---------- Provided material ----------

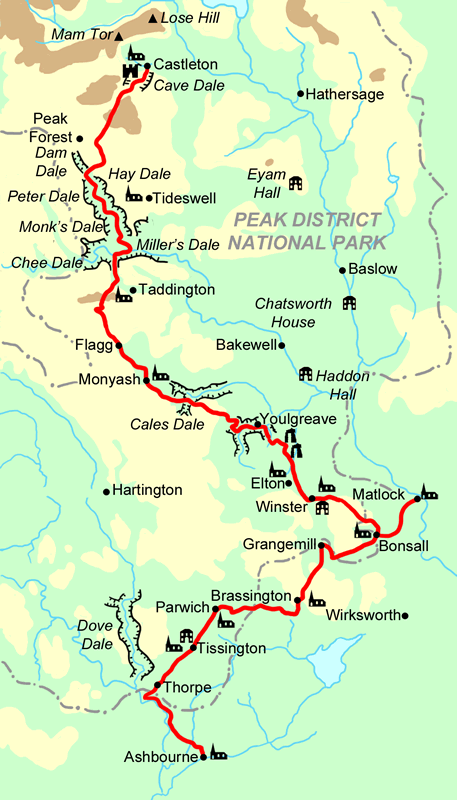 Limestone Way map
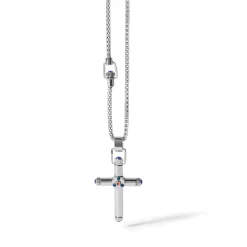 New Collana Comete Gioielli Uomo con Croce e Cristalli Blu in Acciaio Uomo Gioielli Comete Uomo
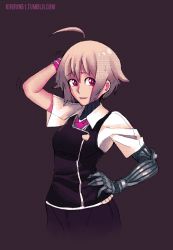 Rule 34 | 1girl, ahoge, amputee, arm on own head, arm up, blush, collared shirt, colorized, cowboy shot, cropped legs, cyborg, dana zane, hand on own hip, kiririn51, looking at viewer, mechanical arms, shirt, short hair, simple background, single mechanical arm, solo, va-11 hall-a, vest, watermark, web address, white shirt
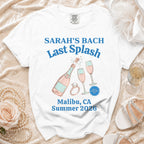 Sarah's Bach Last Splash t-shirt with champagne, rings, and text.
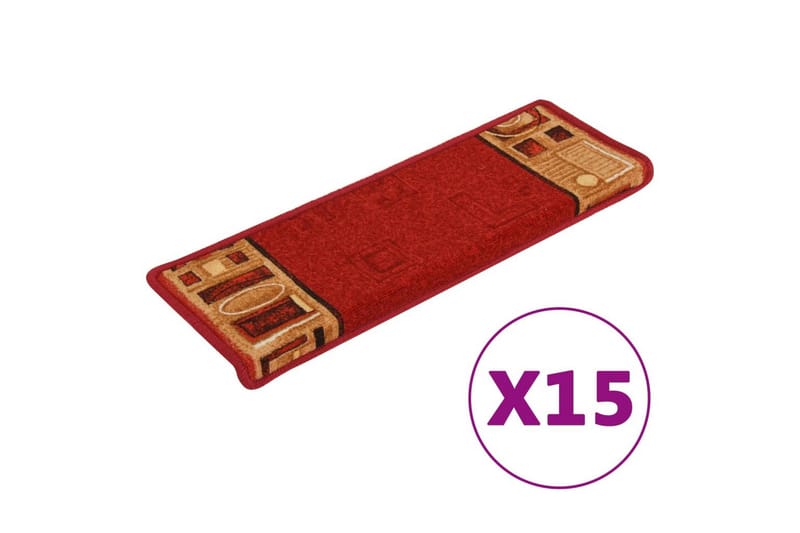 Selvklebende trappematter 15 stk 65x25 cm rød - Rød - Tekstiler - Tepper & Matter - Spesialmatte - Trappetepper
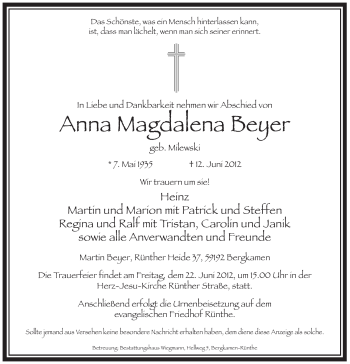 Todesanzeige von Anna Magdalena Beyer von WESTFÄLISCHER ANZEIGER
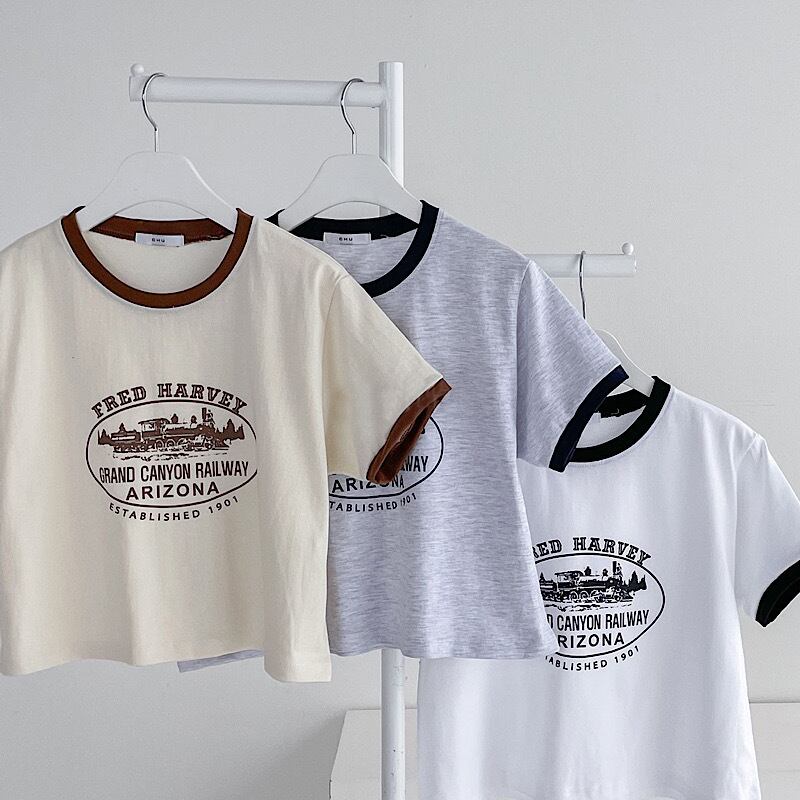 Deco Choice 夏の本命 コンパクトt 半袖 リンガー Tシャツ ロゴカジュアル クロップド丈 メンズライク 古着ライク スポーティー 着回し Lamitte Deco トレンド 韓国ファッション ショップ Base店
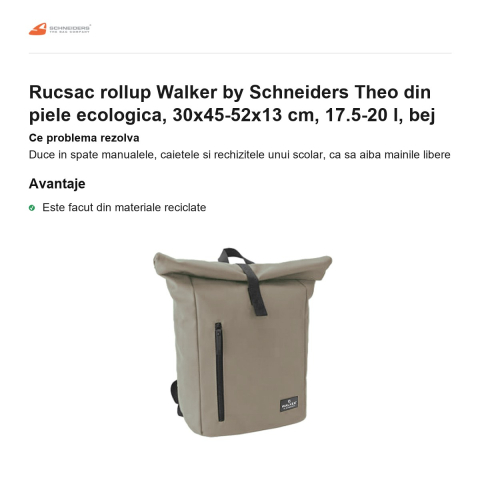 Rucsac rollup Walker by Schneiders Theo din piele ecologica, 30x45-52x13 cm, 17.5-20 l, bej [1]
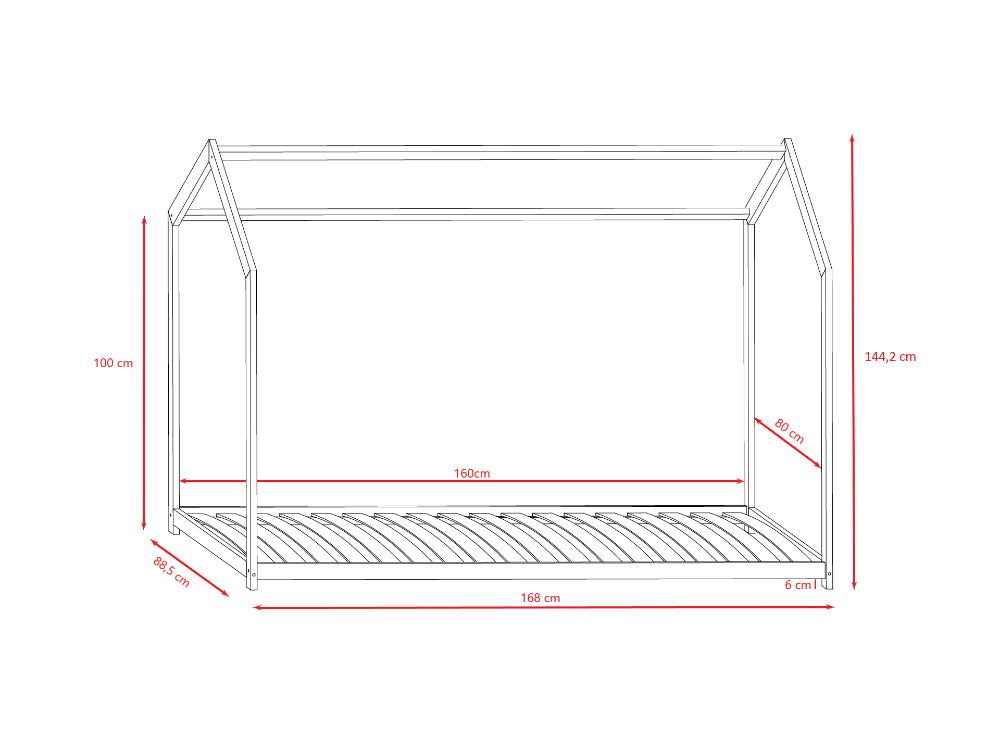 Cama 200 x 90 cm Kocot Kids Bella White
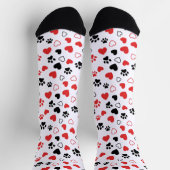 Chaussette Crew Empreinte de Patte Rouge et Noire (Haut)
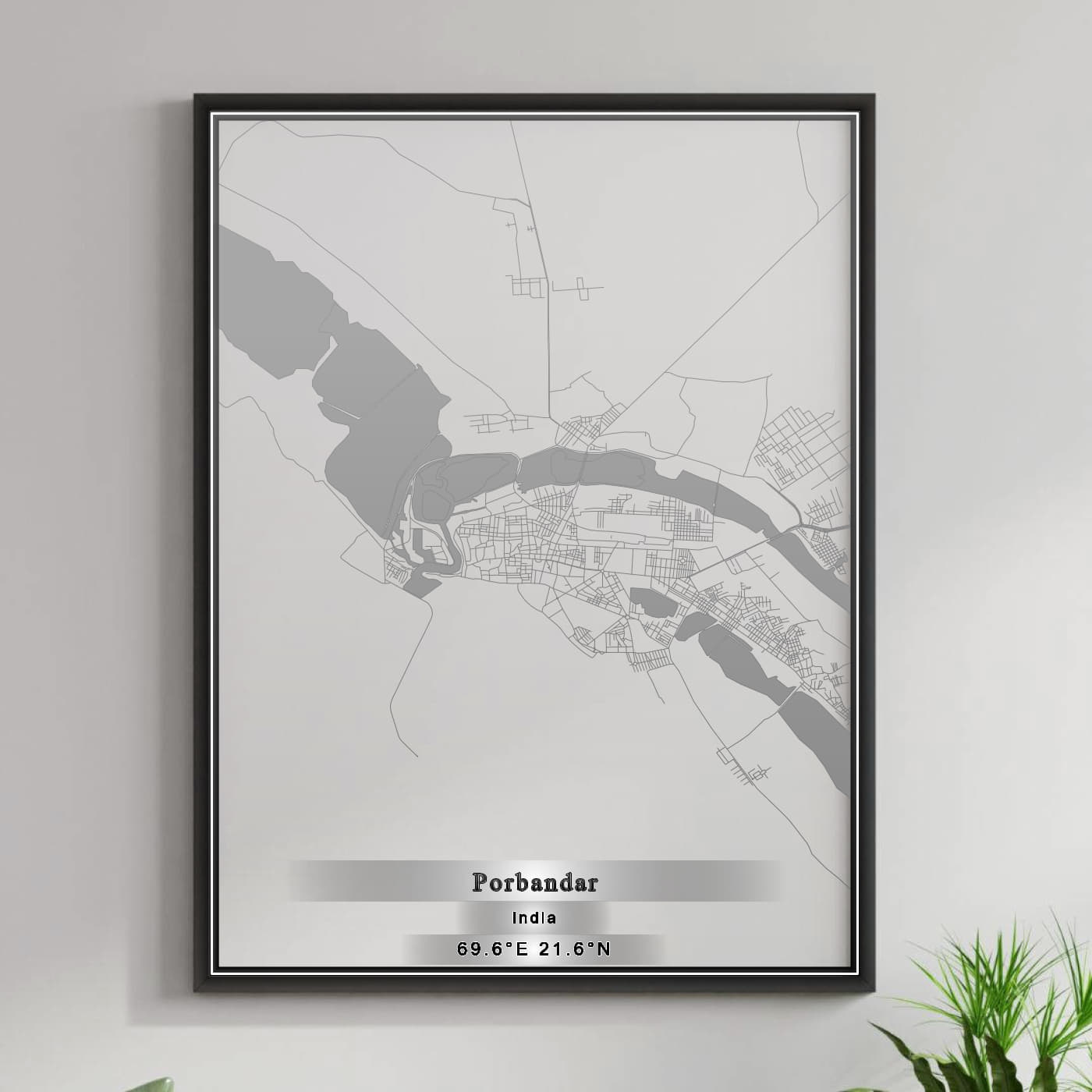 ROAD MAP OF PORBANDAR, INDIA BY MAPBAKES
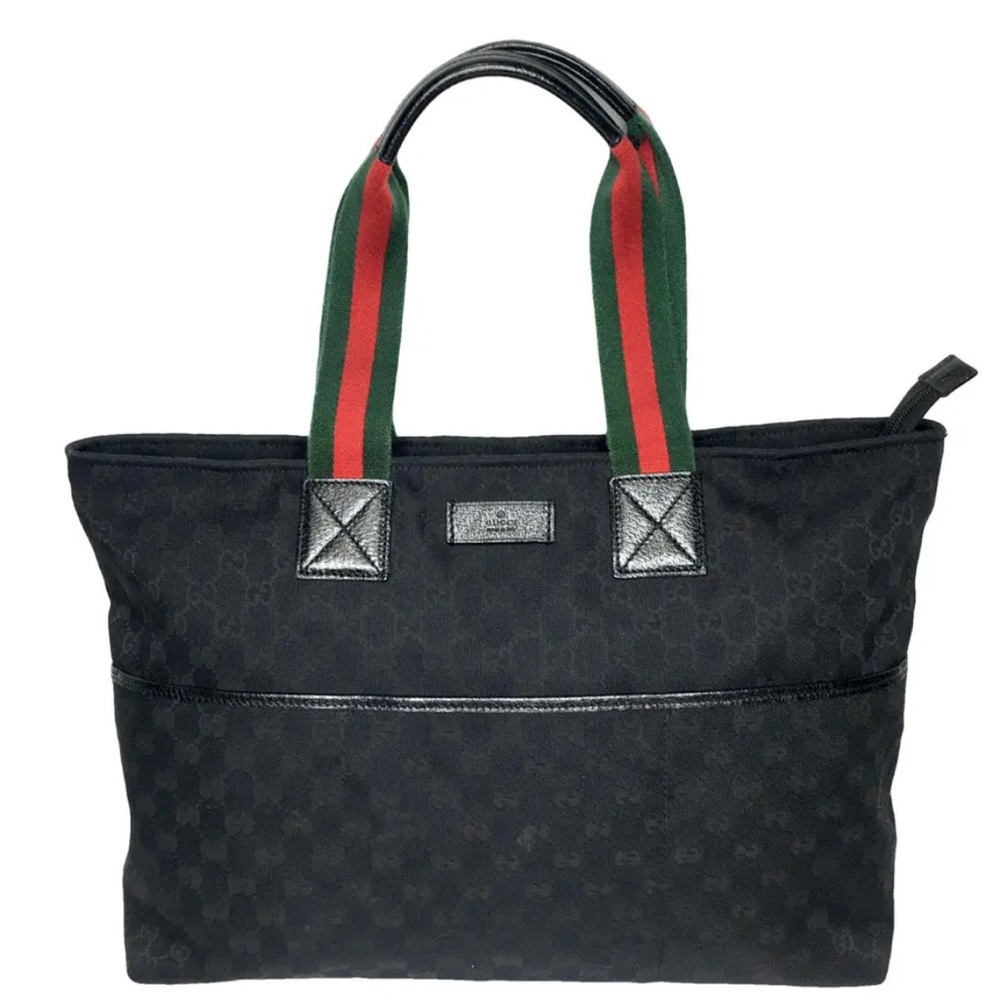 Gucci Black Tote with Signature Red and Green Stripe Handles - Picture 2 of 13
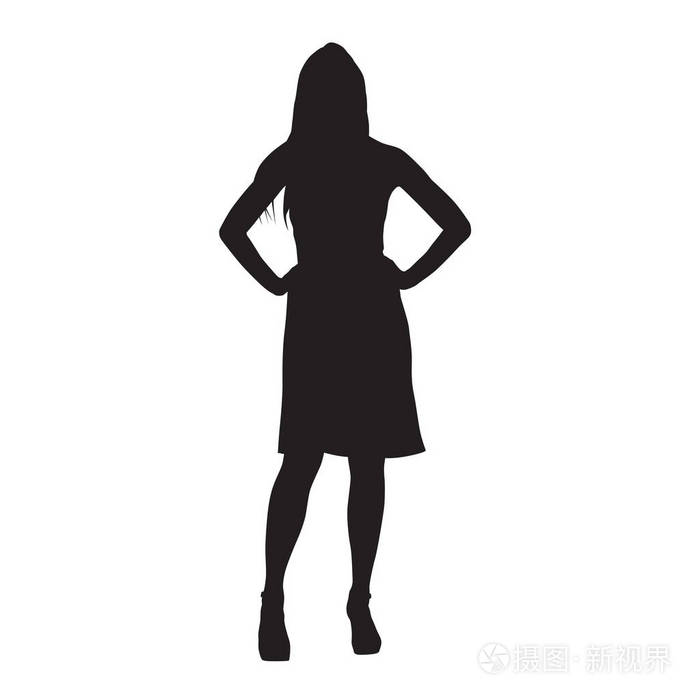 苗条性感的女人长腿穿着夏装高跟鞋双手站在臀部孤立的矢量轮廓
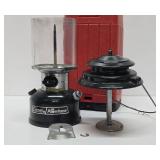 2 Vintage COLEMAN Lanterns - One w/Red Travel Case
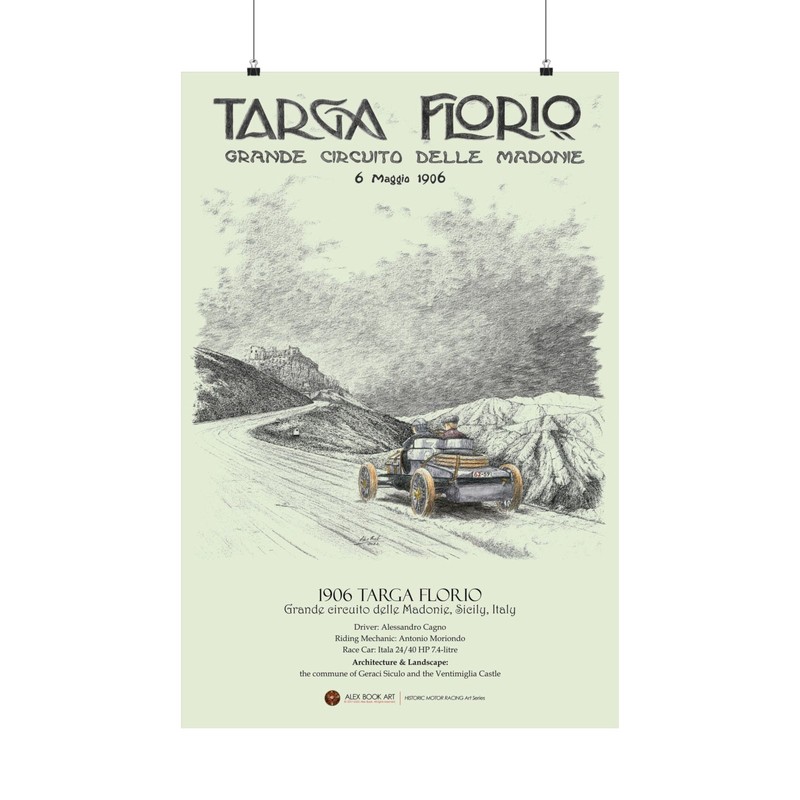 1906 Targa Florio Fine Art Print – Alessandro Cagno Itala Race Car Wall Poster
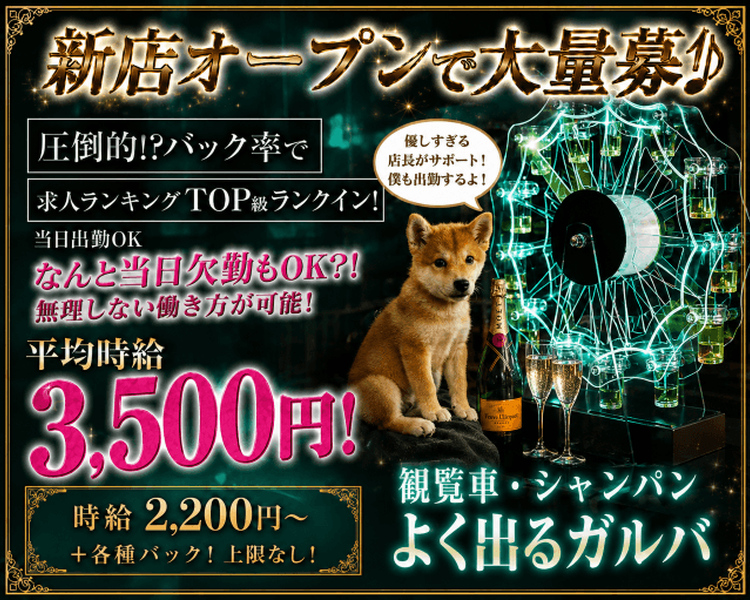 新店オープンで大量募集♪
圧倒的！？バック率で求人ランキングTOP級ランクイン
当日出勤OK
なんと当日欠勤もOK？！
無理しない働き方が可能！
平均時給3,500円！
時給2,200円～
＋各種バック！上限なし！
観覧車・シャンパンよく出るガルバ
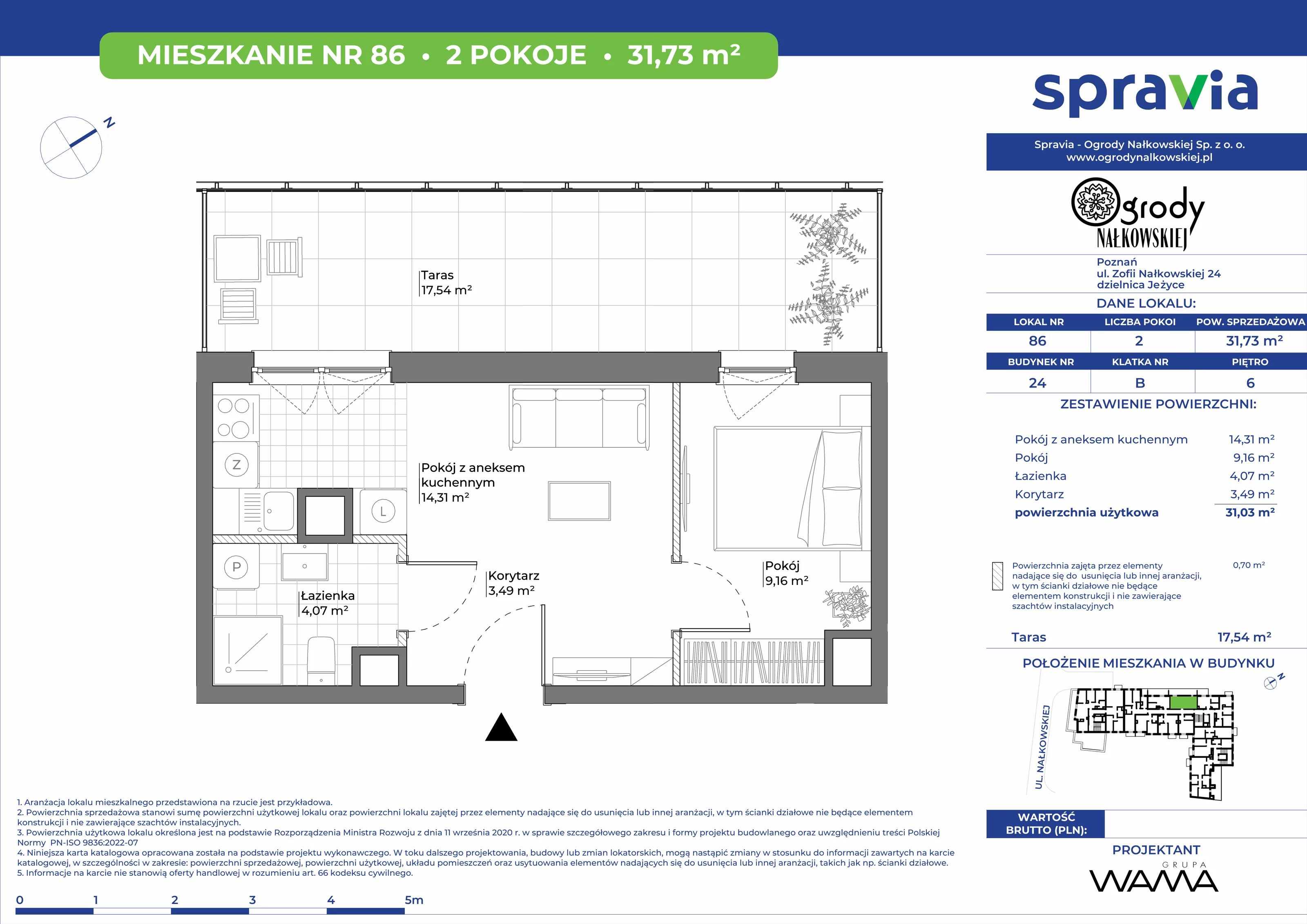 2 pokoje, mieszkanie 31,73 m², piętro 6, oferta nr 24-86, Ogrody Nałkowskiej, Poznań, Ogrody, ul. Nałkowskiej 24, 26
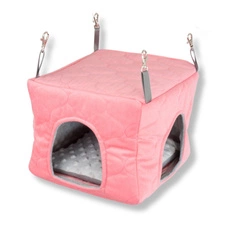 Usztywniany domek  z wodoodporną poduchą z szarego polaru minki i koralowej pikówki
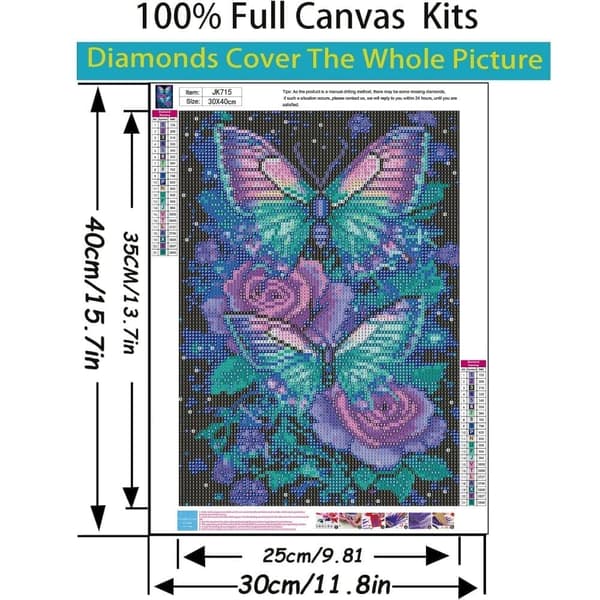 Bomclap Diamantmaleri – DIY 5D Diamantmaleri, 30x40cm, Magiske Farverige Sommerfugle over Lilla Roser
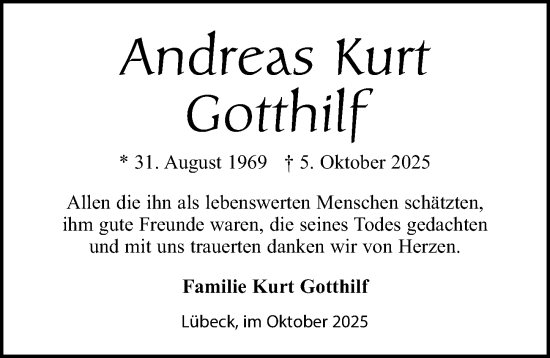 Traueranzeige von Andreas Kurt Gotthilf von Lübecker Nachrichten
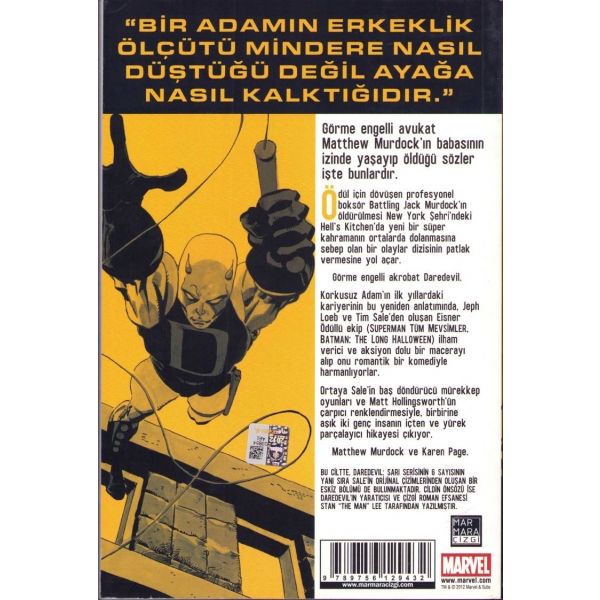 Daredevil Sarı, Jeph Loeb & Tim Sale, Marvel, Marmara Çizgi, Ocak 2012, 16x24 cm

----------

• **Your assignment**: Exactly the lines from the one holding "圧倒的！？バック率で求人ランキングTOP級ランクイン" through the last line of the entries, both included, are to be duplicated; leave the pictures out.

• **Answer to this problem**:
圧倒的！？バック率で求人ランキングTOP級ランクイン
当日出勤OK
なんと当日欠勤もOK？！
無理しない働き方が可能！
平均時給3,500円！
時給2,200円～
＋各種バック！上限なし！
観覧車・シャンパンよく出るガルバ
 2 pokoje, mieszkanie 31,73 m², piętro 6, oferta nr 24-86, Ogrody Nałkowskiej, Poznań, Ogrody, ul. Nałkowskiej 24, 26
 Usztywniany domek  z wodoodporną poduchą z szarego polaru minki i koralowej pikówki
 Bomclap Diamantmaleri – DIY 5D Diamantmaleri, 30x40cm, Magiske Farverige Sommerfugle over Lilla Roser
 Traueranzeige von Andreas Kurt Gotthilf von Lübecker Nachrichten
 Daredevil Sarı, Jeph Loeb & Tim Sale, Marvel, Marmara Çizgi, Ocak 2012, 16x24 cm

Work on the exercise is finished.